The ALLHAT authors substantially underestimate the effect on outcome of the 3mm difference in systolic blood pressure that occurred between diuretic arm compared to ACE inhibitor arm.

Blood pressure studies comparing a combination of medications should ideally create treatment protocols where the medications are adjusted until the same blood pressure is achieved in each treatment arm of the trial, if possible.  The 3 mm lower systolic blood pressure that was present with the diuretic treatment protocol strongly favored the diuretic initiated therapy.

The statistical manipulations and estimations used to correct for the differences in trial outcome resulting from this difference in blood pressure in the ALLHAT study are inaccurate

The ALLHAT authors attempt to statistically correct for the difference in blood pressure between the groups and appear to have substantially underestimated the effects of creating blood treatment protocols that did not obtain the same levels of blood pressure control in their study.

The underestimation of the effect of the difference in systolic blood pressure on outcome is demonstrated in the ALLHAT authors' discussion of stroke rate in the black patients in the trial:

 The ALLHAT investigators while discussing differences in stroke rate in black patients between diuretic and ACE inhibitor protocols in their initial 2002 report state that the 4mm difference in systolic blood pressure is not consistent  "with the difference seen in black patients (13%-16% expected, 40% increase in stroke rate observed)." Hence, the ALLHAT investigators are saying that the 4mm difference in systolic blood pressure for black patients for diuretic led therapy vs.

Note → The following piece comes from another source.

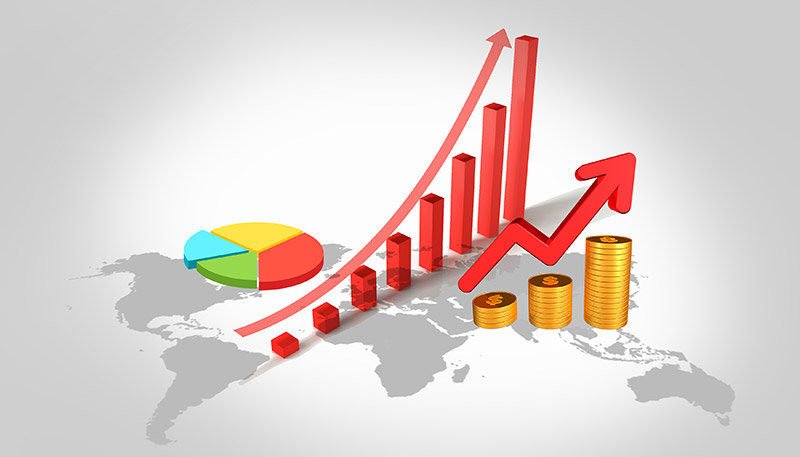 紅河網站建設能給企業(yè)帶來哪些好處 紅河網站建設能給企業(yè)帶來哪些好處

ACE inhibitor led therapy explains only a 13-16% difference in stroke rate, not the 40% difference in stroke rate observed.  
(The black patient population was the subgroup in the ALLHAT trial which had the largest difference in blood pressure (4mm) between the diuretic initiated treatment protocol vs. the lisinopril protocol and accounted for all the increased incidence in stroke in the initial ALLHAT 2002 report.)

There is no reason to accept the implication by the ALLHAT investigators that it is more reasonable to assume there are special protective properties in the diuretic beyond the well established efficacy of a diuretic on BP control in the black population. 

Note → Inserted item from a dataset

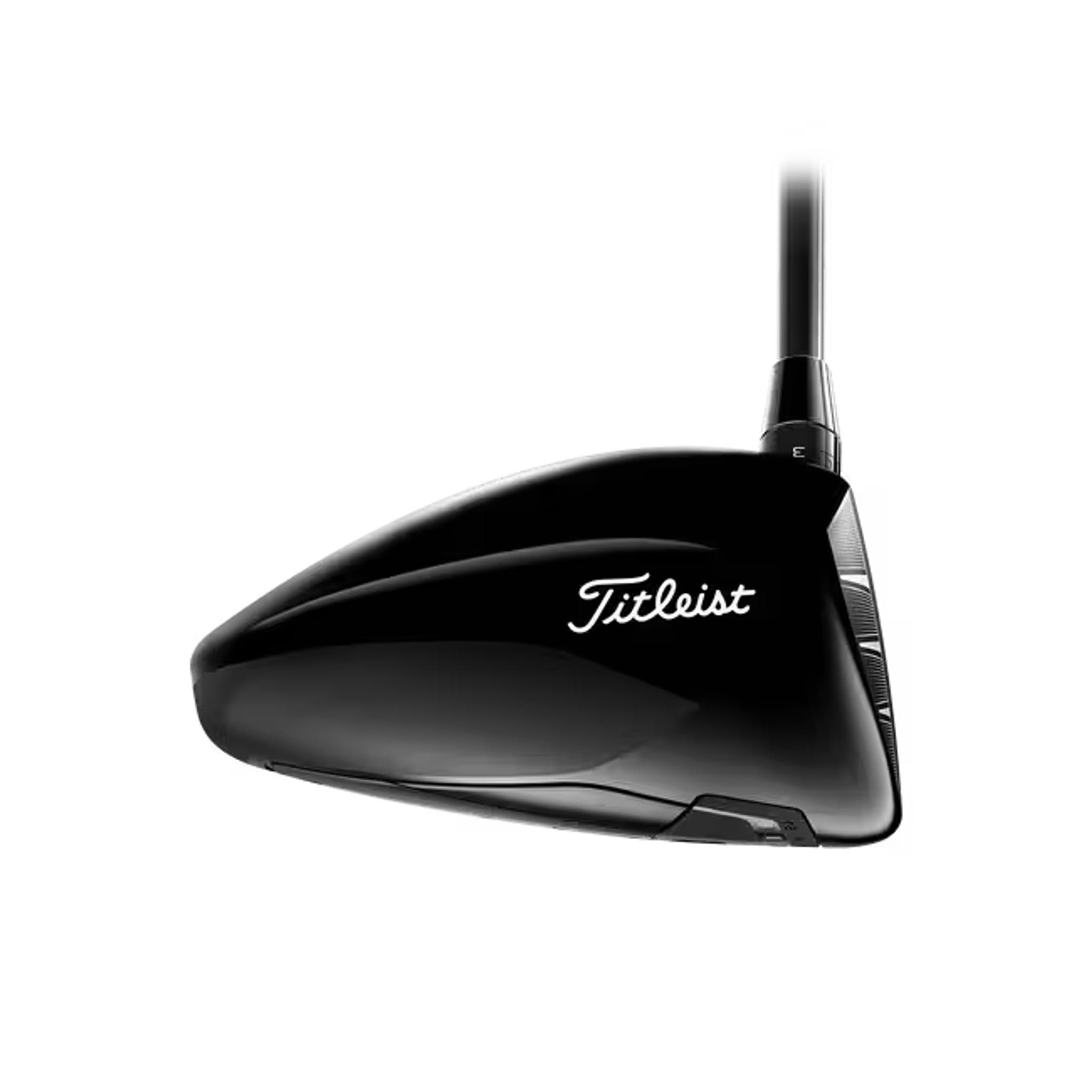 Titleist GT3 Driver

The ALLHAT's attempts to quantify the effects of the differences in blood pressure between the 3 blood pressure treatment protocols on the trial outcome are unreliable.  To quote the ALLHAT investigators:
    "However, such analyses are limited by the infrequency and imprecision of BP measurements for individual participants and regression dilution, which underestimates CVD risk associated with BP differences on single-visit (or even visit-averaged) measurements."1

The estimation by the ALLHAT authors on the impact of the blood pressure differences on patient outcome for the different blood pressure regimens is inaccurate.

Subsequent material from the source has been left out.